MIXOUT: Effective Regularization to Finetune Large-scale Pretrained Language Model

This post is a note for the paper “MIXOUT: Effective Regularization to Finetune Large-scale Pretrained Language Model” (Lee et al., 2019).

TL;DR

  • “Mixout” is a technique that stochastically mixes the parameters of two models (in this paper, two models are usually the pretrained model and the model that is in finetuning).
  • Applying mixout significantly stabilizes the results of finetuning BERT_large on small training sets.
  • Pytorch implementation from the author: https://github.com/bloodwass/mixout
  • Forward function is here (bloodwass/mixout/mixout.py#L59)

Abstract

  • In this paper, the authors introduce a new regularization technique, “mixout”, motivated by “dropout”.
  • “Mixout” is a technique that stochastically mixes the parameters of two models.
  • The authors evaluated this via finetuning BERT_large on downstream tasks in GLUE.

Introduction

  • The authors will provide a theoretical understanding of the dropout and its variants, and empirically verify with two experiments.
    1. Train a fully-connected network on EMNIST Digits and finetune it on MNIST.
    2. (Main Experiments) Finetune BERT_large on training sets of GLUE.
  • In the ablation study, the authors will perform three experiments.
    1. The effect of the mixout on a sufficient number of training sets.
    2. The effect of a regularization technique for an additional output layer which is not pre-trained.
    3. The effect of the probability of mixout compared to dropout.
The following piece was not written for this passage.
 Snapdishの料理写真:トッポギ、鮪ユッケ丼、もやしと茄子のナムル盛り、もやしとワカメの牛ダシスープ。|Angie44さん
Analysis of Dropout and Its Generalization

  • Mixconnect
    • If the loss function is strongly convex, mixconnect term can act as an L2 regularizer term.
      • Check this link for a detailed description of Strong Convexity.
Equation of mixture function of mixconnect
  • Mixout
    • The authors propose the mixout as a special case of a mixconnect, which is motivated by the relationship between dropout and dropconnect.
    • Mixout chooses a random mask matrix from Bernoulli(1 - p), so an L2 regularization coefficient is mp/(1 - p). (Check details in the paper)
      • It means that the probability of the mixout can adjust the strength of the L2 penalty.
  • Mixout for Pretrained Model
    • When training from scratch, an initial model parameter is usually sampled from a normal/uniform distribution with mean 0 and small variance, but after training, the model parameter is away from the origin with a large t (training step). (Hoffer et al., 2017)
    • Because we obtain pre-trained weight by training on a large corpus, it is often far away from the origin.
    • Dropout L2-penalizes the model parameter for deviating away from the origin rather than the pre-trained weight.
    • So, it should be better to use the mixout to explicitly prevent the deviation from the pre-trained weight.

Verification of Theoretical Results for Mixout on MNIST

Figure 2 from paper
  • Weight decay is an effective regularization technique to avoid catastrophic forgetting during finetuning(Wiese et al., 2017), and the authors suspect that the mixout has a similar effect with weight decay.
  • To verify, the authors pre-trained a fully-connected network and finetuned with replacing dropout with the mixout.
    • Any regularization techniques such as weight decay are not used.
  • The result shows that the validation accuracy of the mixout has greater robustness to the choice of probability than that of dropout.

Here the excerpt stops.